There are equal stacks of briefs, as many pro-traditional-marriage as pro-same-sex-“marriage.” So there are good lawyers out there. But the elites—the ones in the big firms, commanding the big money, and wielding influence galore—have the mistaken and narrow belief, relatively new in culture and certainly without evidence—that to support traditional marriage is equivalent to hating a segment of society because of accident of birth.

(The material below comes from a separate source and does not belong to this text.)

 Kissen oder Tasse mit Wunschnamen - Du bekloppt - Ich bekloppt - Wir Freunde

And, as  Michael W. McConnell, a former federal appeals court judge who teaches law at Stanford, said, “The level of sheer desire to crush dissent is pretty unprecedented.”

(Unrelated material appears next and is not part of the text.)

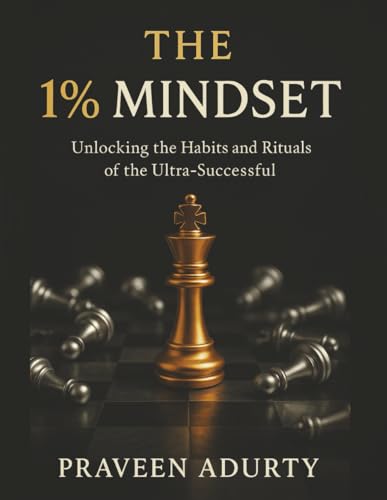 The 1% Mindset: Unlocking the habits and rituals of the ultra-successful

Ryan Anderson’s piece conveniently links to yet another piece, “7 Reasons Why the Current Marriage Debate Is Nothing Like the Debate on Interracial Marriage,” which he wrote in August 2014. So, I’m interrupting the discussion of the elites for a moment to recount the list:
1.      Support for marriage as the union of man and woman has been a near human universal.
2.      Bans on interracial marriage and Jim Crow laws, by contrast, were historical anomalies.
3.      Great thinkers—including champions of human rights—knew that gender matters for marriage, and none thought that race does.
4.      Even cultures that embraced same-sex relationships did not treat them as marriages. [I think he may be referring to the Roman and Greek empires during their decaying years, when homoeroticism was acceptable, but calling it marriage would have been laughable.]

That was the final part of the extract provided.